■ Available data ■
-*-*-
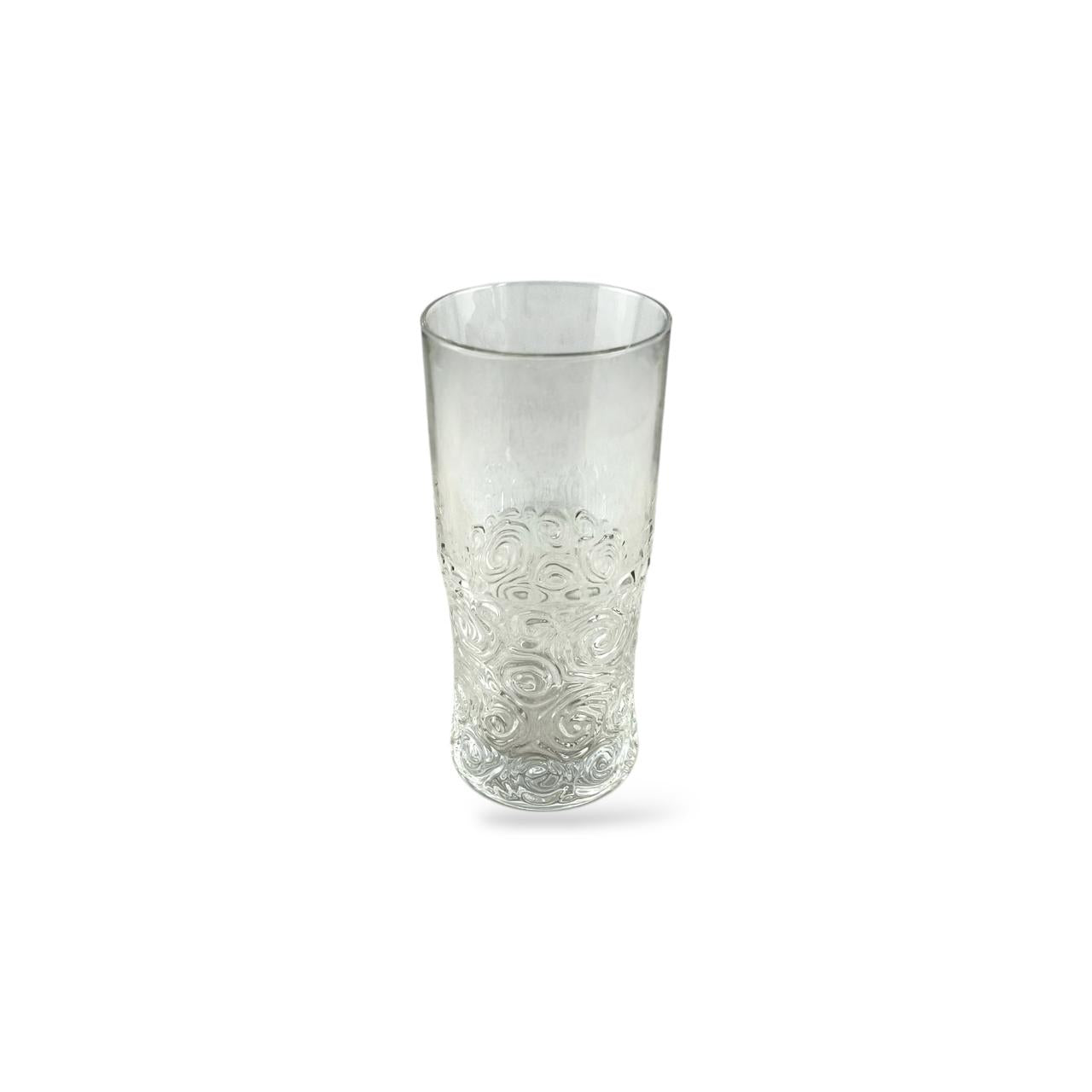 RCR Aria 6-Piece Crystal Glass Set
-*-*-
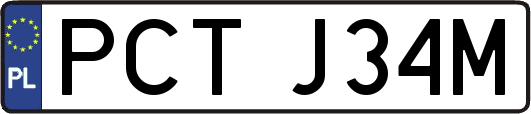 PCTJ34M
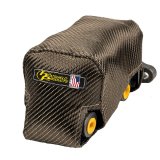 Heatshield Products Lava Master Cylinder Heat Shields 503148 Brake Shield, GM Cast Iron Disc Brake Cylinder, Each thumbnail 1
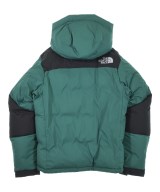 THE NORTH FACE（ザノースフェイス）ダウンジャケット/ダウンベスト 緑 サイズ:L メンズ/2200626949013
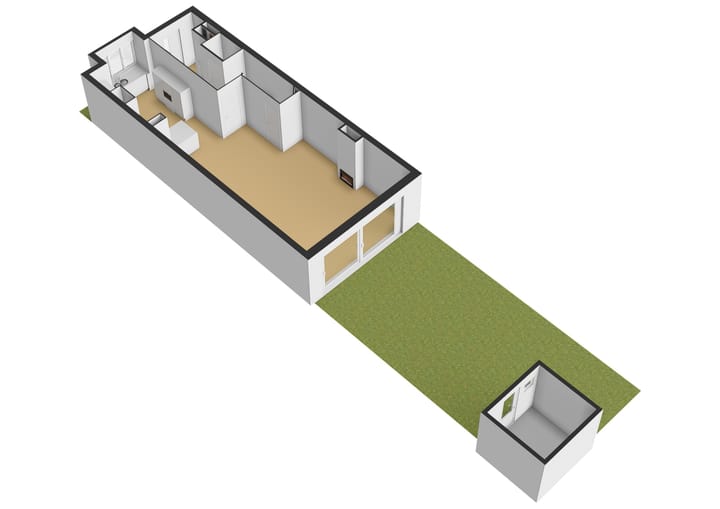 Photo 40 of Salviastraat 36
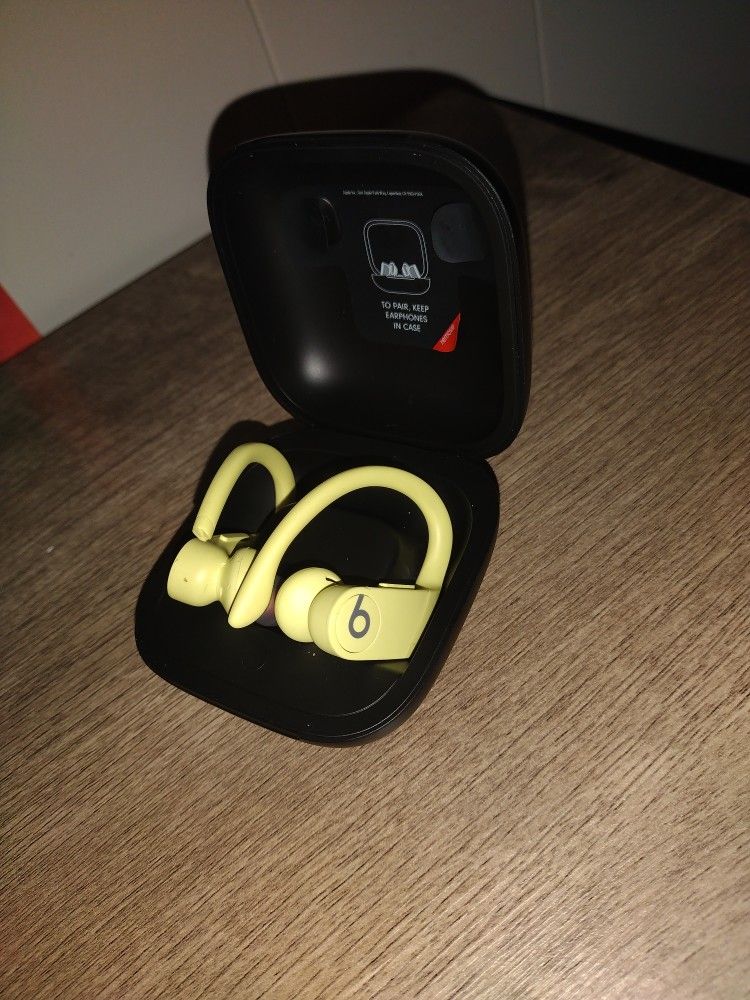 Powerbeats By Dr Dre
-*-*-
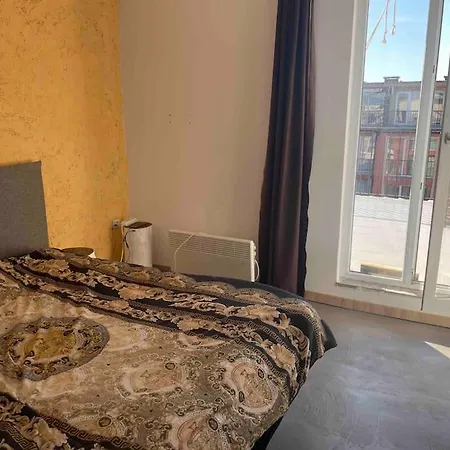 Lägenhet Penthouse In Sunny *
-*-*-
■ Your goal ■
Print, word for word, the lines above that run from the line containing "Heatshield Products Lava" to the line containing "Powerbeats By Dr Dre", both included. Keep the pictures out.

■ Expected answer ■
 Heatshield Products Lava Master Cylinder Heat Shields 503148 Brake Shield, GM Cast Iron Disc Brake Cylinder, Each thumbnail 1
 THE NORTH FACE（ザノースフェイス）ダウンジャケット/ダウンベスト 緑 サイズ:L メンズ/2200626949013
 Photo 40 of Salviastraat 36
 Powerbeats By Dr Dre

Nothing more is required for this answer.